Nonetheless, it would be foolish to imagine that this is really a battle between Osborne’s slash-and-burn economics and journalistic ethics.

First, we should remember that all corporate media have been blurring the line between editorial and advertising over the past two or three decades. In the past they called it “sponsored content” and advertorials. More recently it has been transformed into “native advertising” – a euphemism for media outlets prostituting themselves to large corporations. Osborne’s crime is simply that he is doing it more brashly and on a larger scale than his competitors.

Second, a senior executive in Starbucks, one of the corporations Osborne approached, says the firm rejected the deal for the following reason: “Buying positive news coverage is PR death… something you might do in Saudi Arabia, but not here. This wasn’t right for us.”

As the statement implies, Starbucks are not averse to manipulating public perception of their activities to counter a poor image – in their case, because they and other corporations have rigged the UK system so that they pay hardly any tax. But the company was worried that Osborne’s plan might backfire. Presumably, they suspected that this dishonest deal would eventually become public – as it indeed has – and would further dent their image.
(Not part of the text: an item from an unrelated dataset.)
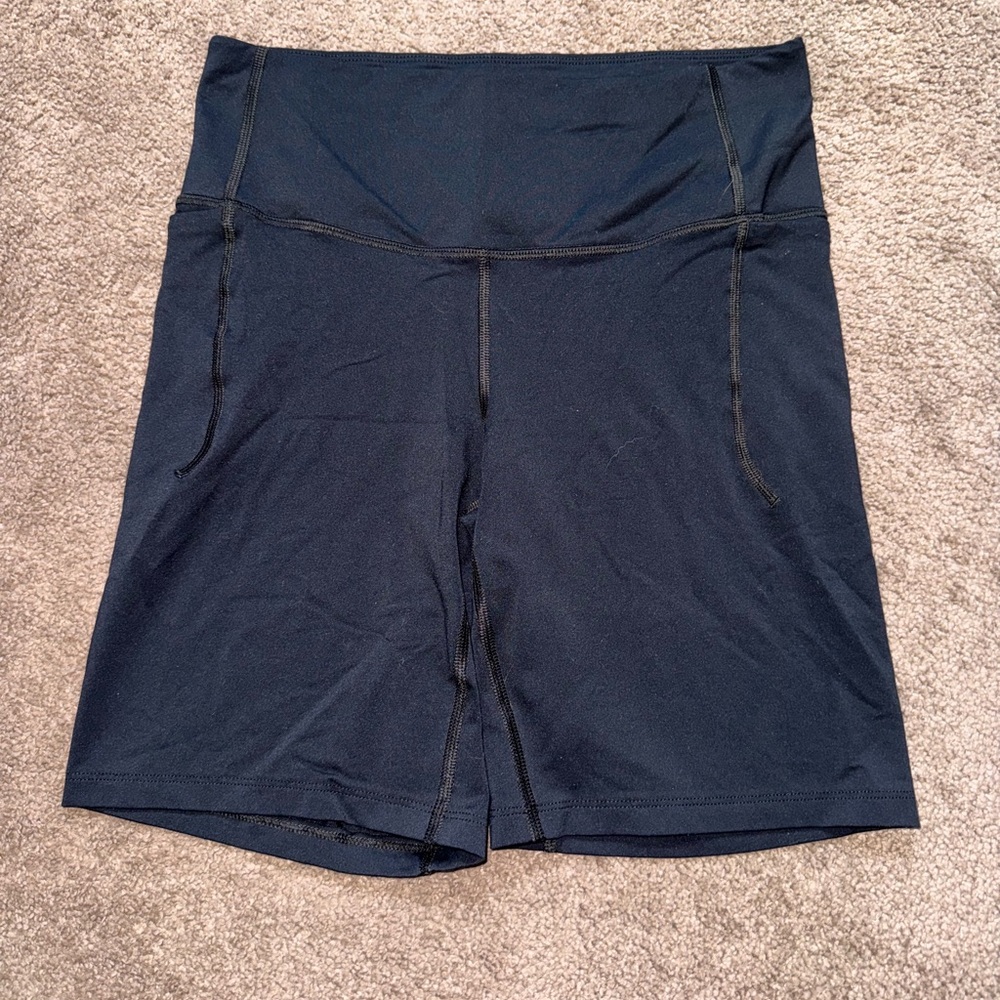 Under Armour biker shorts 💙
Or, to use their terminology, it risked becoming “PR death”.

As one should expect, the only consideration when corporations try to influence public opinion as they pursue their relentless battle to maximise profits is whether the effort will prove beneficial. Not whether such efforts are honest, or ethical, or in the public interest. Only whether they work – whether the public will think better of the company as it seeks to increase its profits, whatever the costs to the rest of society or the planet.

 

Invisible deal

In fact, far more sensible than the Evening Standard’s plan for each major corporation to make a one-off deal with a newspaper is for them all to have a permanent, collective and invisible deal with all media outlets – to promote a business environment that allows them to maximise their profits. And that is precisely the situation we already have.

 

It is not primarily because the media is dependent on advertising, though, of course, that helps to ensure the corporations get their way. What newspaper or commercial TV station is going to attack the very corporations they depend on for the bulk of their income. Attacking these corporations would be the media’s equivalent of shooting oneself in the foot.

 

But more significant still, the media are themselves corporations, no different from Google, Uber and Starbucks.
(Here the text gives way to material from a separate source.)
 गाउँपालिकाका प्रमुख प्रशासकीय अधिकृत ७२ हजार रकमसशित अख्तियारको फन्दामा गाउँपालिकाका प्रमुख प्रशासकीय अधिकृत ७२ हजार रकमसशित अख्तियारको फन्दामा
Jon O’Donnell, the commercial director of ESI Media, which publishes the Standard as well as the Independent newspaper, alludes to this in a statement cited by Open Democracy.
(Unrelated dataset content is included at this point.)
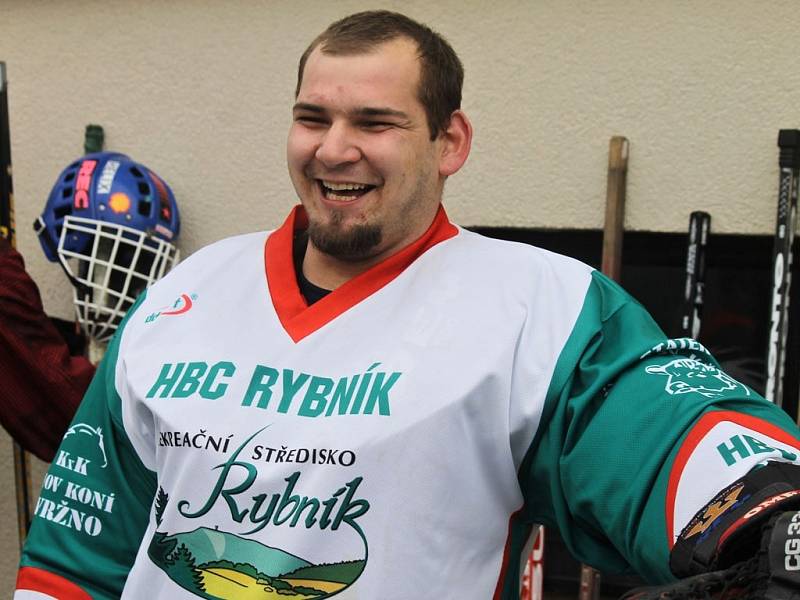 Třetí ročník hokejového Bendy Cupu v Rybníku o putovní pohár starosty obce.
He says ESI is no longer simply providing advertising services but is now a “media business”, adding that the “strict divide between the so-called ‘church and state’ [editorial and advertising] was doing more harm than good.”

What Osborne and O’Donnell have done is make explicit what was until now largely veiled.

 

Shared ideology

The media aren’t just dependent on advertising from corporations. They are corporations – enormous ones. Today, six media corporations own 90 per cent of all US media. That destroys even the pretence of media choice and pluralism. But it signifies much more.

It ensures that these massive media corporations share the ideological assumptions of other major corporations, because all of them are driven by the same two considerations. First, to maximise their own profits whatever the external costs, including to the real world. And second, to maximise profits while minimising the damage to their carefully crafted public reputations for being ethical or caring companies pursuing the public good.

That means the core activity of media corporations is to act as the public relations arm for a turbo-charged neoliberal ideology that sanctions the pillage and plunder committed by all corporations – including media corporations – in the pursuit of endless “economic growth”.

The superficial differences between the various media outlets are there only to persuade us, readers and viewers, of yet another myth: that we have choice and control over the media, and that there is some kind of healthy debate taking place in our societies expressed through a supposed media “pluralism”.

The reality, however, is that our choice is between two wings of the corporate public relations industry: one advocating a confident corporate capitalism unapologetically pursuing activities that are destroying our societies and the planet, and another apparently committed to making minor adjustments to corporate capitalism to slow down – but not halt or reverse – the ongoing destruction.

 

Consumerism as panacea

Through adverts and editorial, all corporate media lobby relentlessly in favour of a mythical – and suicidal – endless “economic growth” and for an intensification of consumerism as a panacea for the very troubles inflicted by consumerism on our societies.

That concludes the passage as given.